Nice question in calculas?

prove that

#lne=1#

3 Answers
Apr 28, 2018

I am nit sure it is a proof....but anyway:

Explanation:

From the definition of log:

#log_bx=a#

auch that:

#x=b^a#

that is, the integrand is equal to the base to the power of the result.

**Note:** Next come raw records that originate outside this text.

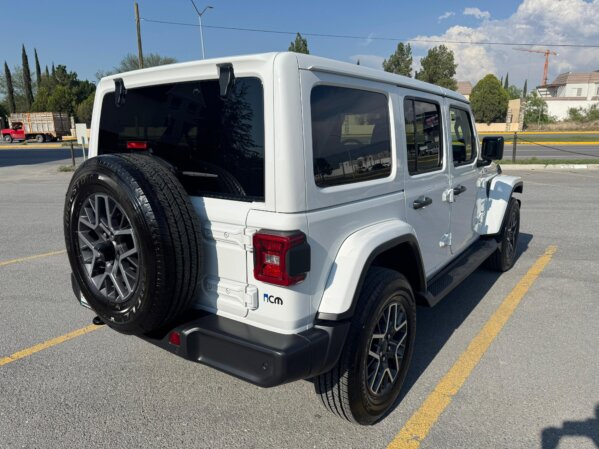 Jeep Wrangler 2.0T Unlimited Sahara 4X4 2024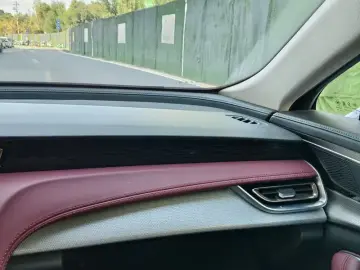 2024 Hongqi H5 с пробегом 27 000 км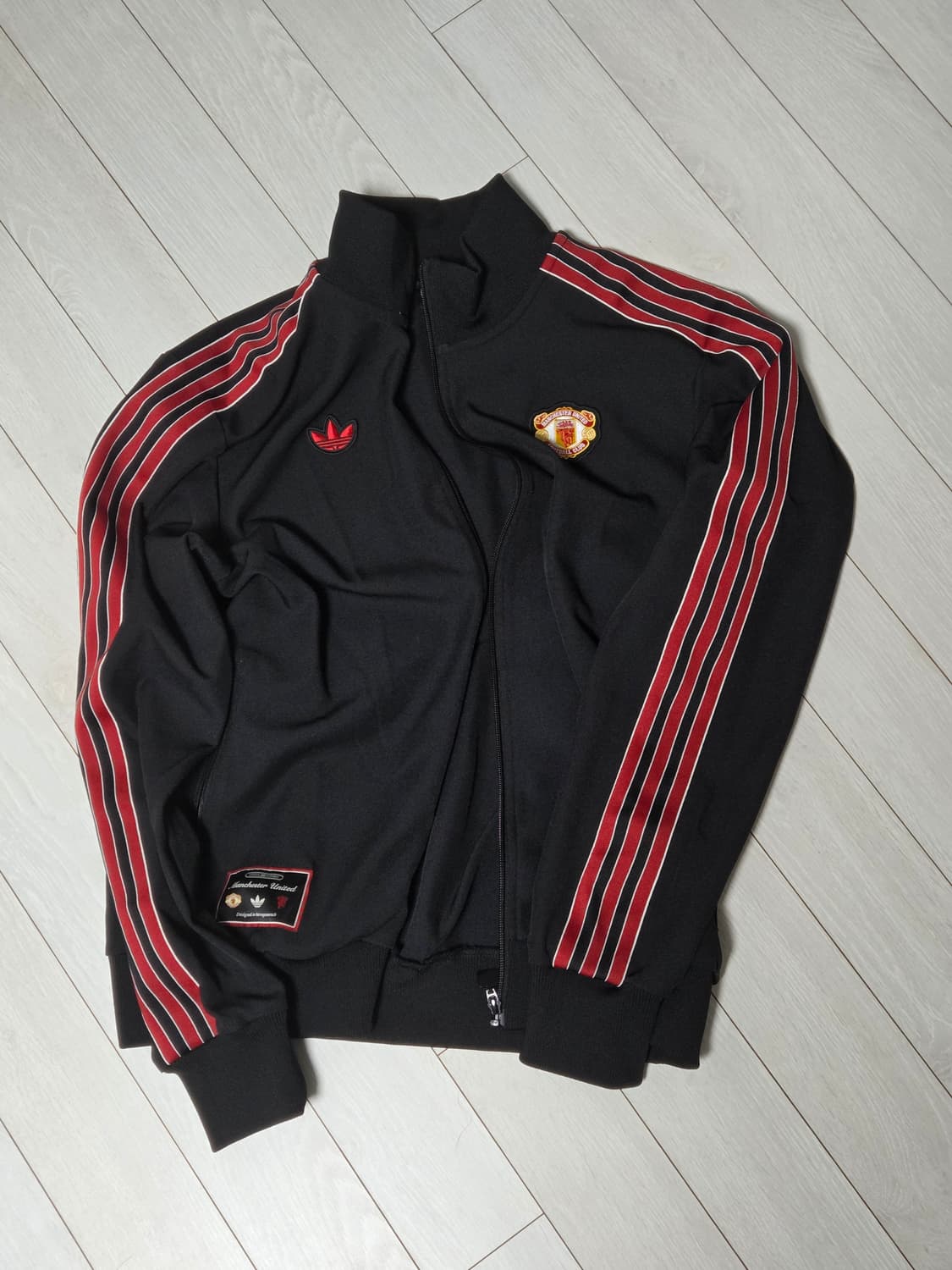 아디다스 맨체스터 유나이티드 테라스 아이콘 트랙탑 블랙 - KR 사이즈 상품이미지1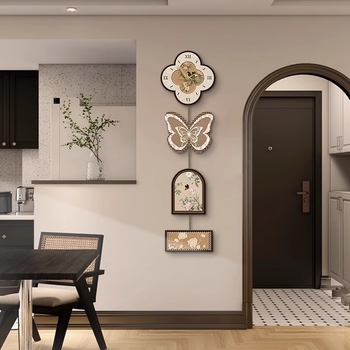 Četrpaneļu bezrāmju dekoratīvais sienas gleznojums ar tauriņu pulksteni, kristāla porcelāna drukāšana, inkjet drukāšana, retro noskaņa, piemērots viesistabai, guļamistabai un restorānam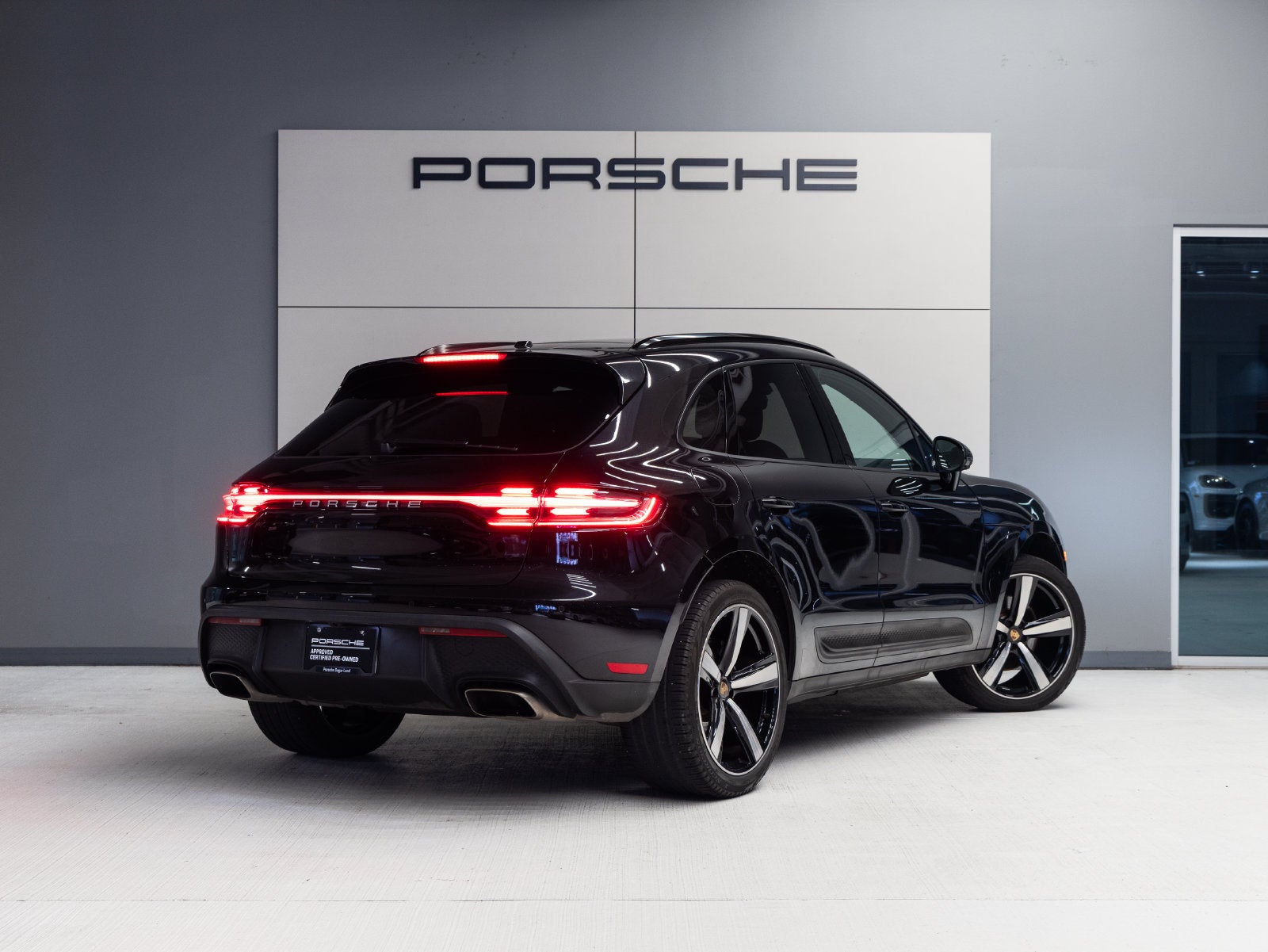 2023 Porsche Macan Macan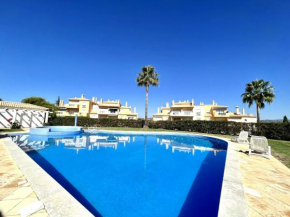 Albufeira Valley 1 With Pool by Homing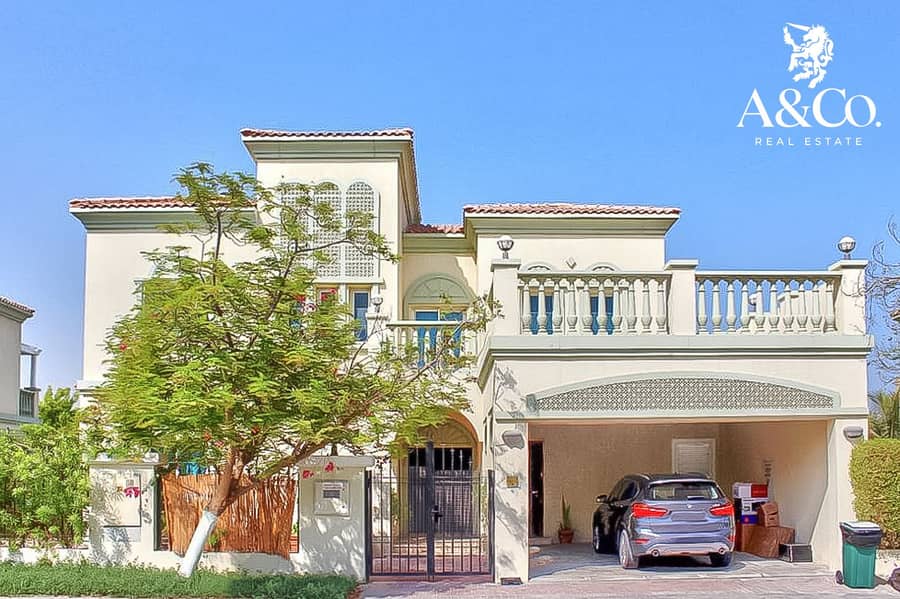 Fully Upgraded | 5 Bed with Private Pool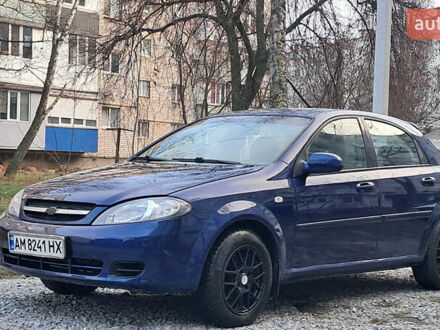Синий Шевроле Лачетти, объемом двигателя 1.6 л и пробегом 350 тыс. км за 2300 $, фото 1 на Automoto.ua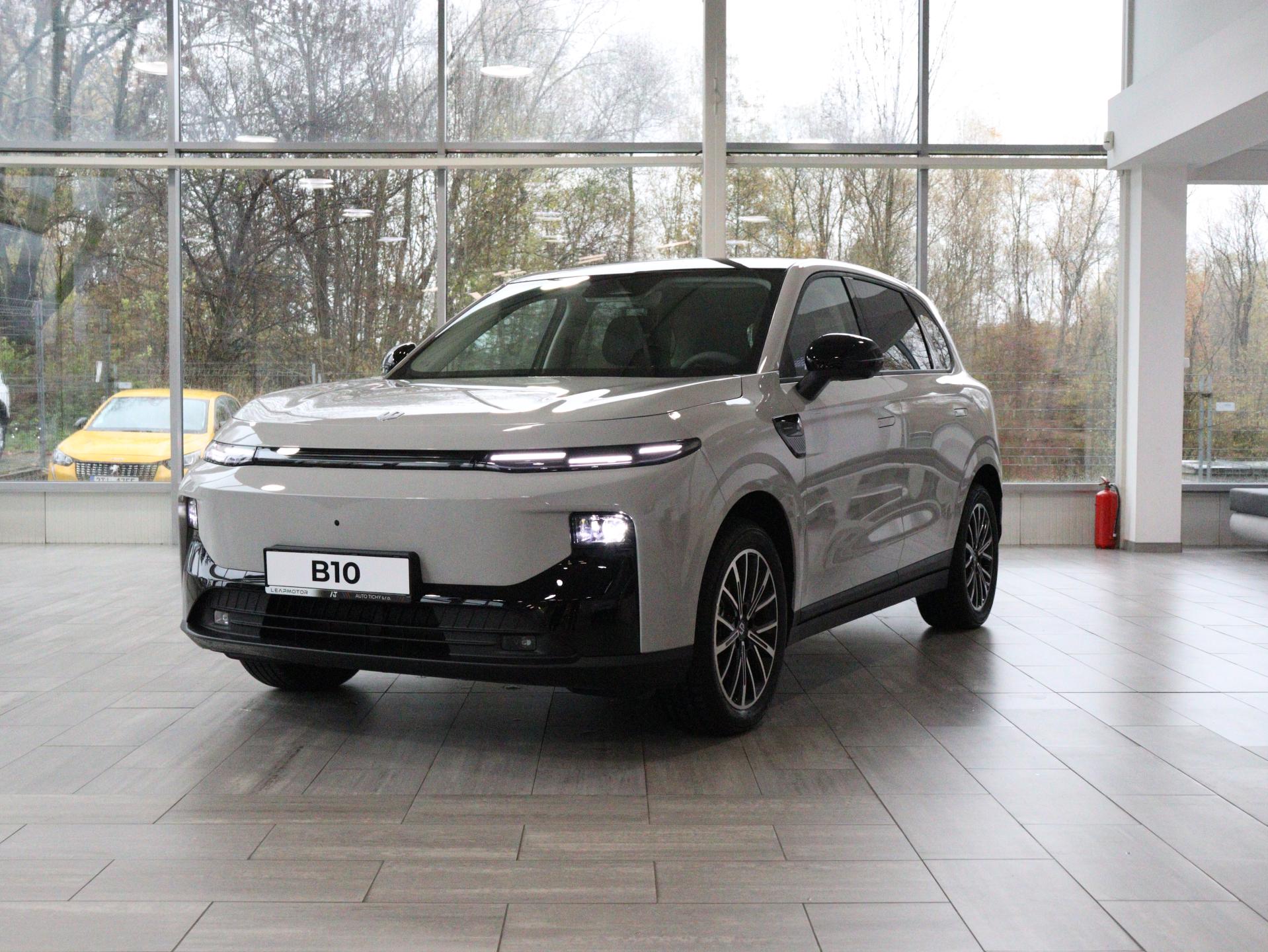 Leapmotor B10 LIFE HYBRID EV
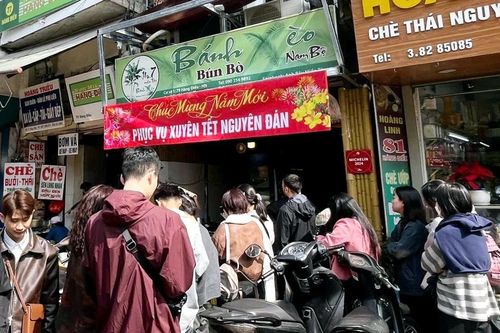 Hàng quán ở Hà Nội tấp nập, khách xếp hàng chờ phục vụ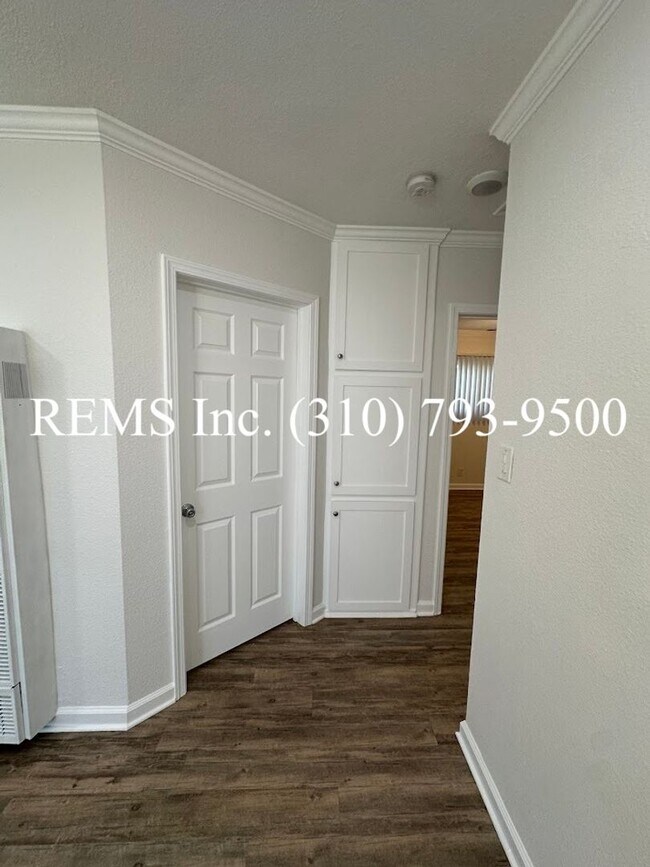 Building Photo - 4750-4752 W 164th Street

In our case we know that the Natural Logarithm, #ln#, is the one with base #e#, i.e.:

#log_e=ln#

so, using our definition of log:

#lne=1#
#log_ee=1#
so that:
#e=e^1# that is correct.

Apr 28, 2018

Show the steps below

Explanation:

show the explanation

#lne=ln[lim_(xrarroo)(1+1/x)^x]#

#=[lim_(xrarroo)ln(1+1/x)^x]#

#=[lim_(xrarroo)x*ln(1+1/x)]# product #(0*oo)#

#=[lim_(xrarroo)(ln(1+1/x)]/(1/x)]# product #(0/0)#

#=[lim_(xrarroo)(-(1/x^2)/(1+1/x)]/(-1/x^2)]=1#

Apr 28, 2018

Nearly all such proofs are cyclic.

Using Bernoulli's definition , we have:

# e = lim_(n rarr oo) (1+1/n)^n #

If we apply base #e# (Napier) logarithms to both sides:

# ln e = ln \ lim_(n rarr oo) (1+1/n)^n #

Due to the monotonicity of the logarithm function:

# ln e = lim_(n rarr oo) ln (1+1/n)^n #

Using the rules of logarithms:

# ln e = lim_(n rarr oo) n ln (1+1/n) #

We can simplify by performing a substitution:

# u=1/n iff n=1/u #, and as #n rarr oo => u rarr 0#

Thus:

# ln e = lim_(u rarr 0) 1/u ln (1+u) #

# \ \ \ \ \ = lim_(u rarr 0) (ln (1+u))/u #

This is of an indeterminate for #0//0#, so we can apply L'Hôpital's rule, to get:

# ln e = lim_(u rarr 0) (d/du ln (1+u))/(d/du u) #

# \ \ \ \ \ = lim_(u rarr 0) (1/(1+u))/(1) #

# \ \ \ \ \ = 1 \ \ \ # QED